▶ **ASSIGNMENT**: Would you transcribe only the lines from the one holding "Priority Sequencing of" through the end of the material, exactly, without any pictures?

▶ **DATA SEGMENT**:
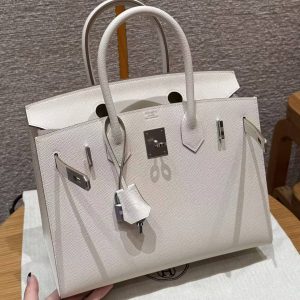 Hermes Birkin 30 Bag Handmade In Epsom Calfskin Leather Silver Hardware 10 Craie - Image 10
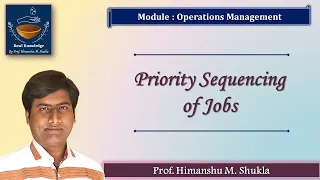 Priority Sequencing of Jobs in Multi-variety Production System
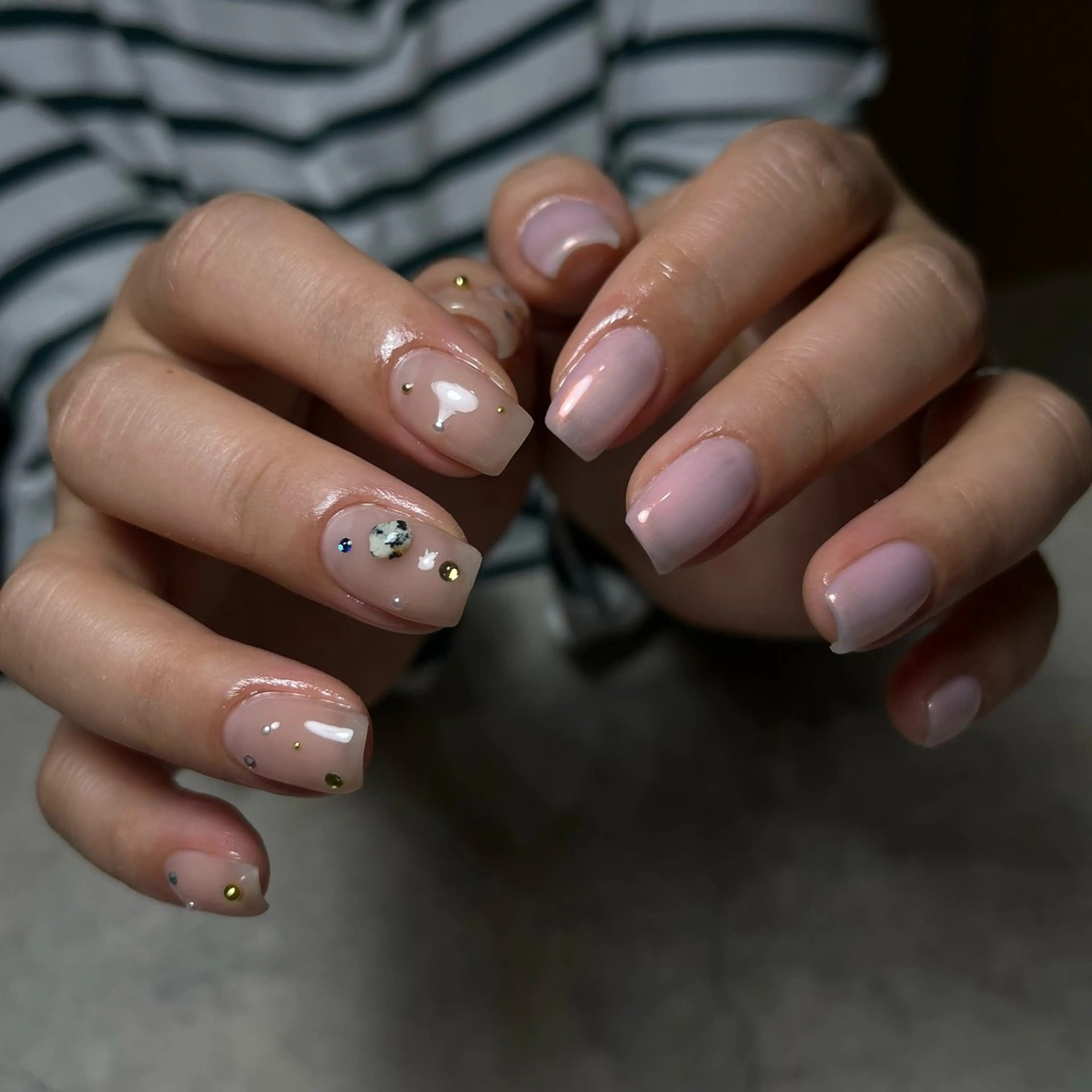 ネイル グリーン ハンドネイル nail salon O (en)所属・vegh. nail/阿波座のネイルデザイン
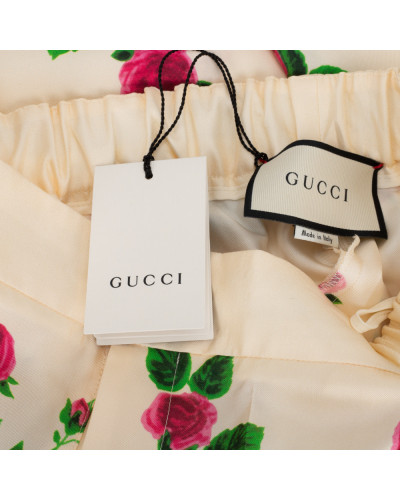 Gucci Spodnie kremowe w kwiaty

▶ **EXPECTED OUTPUT**:
 Priority Sequencing of Jobs in Multi-variety Production System
 ネイル グリーン ハンドネイル nail salon O (en)所属・vegh. nail/阿波座のネイルデザイン
 Gucci Spodnie kremowe w kwiaty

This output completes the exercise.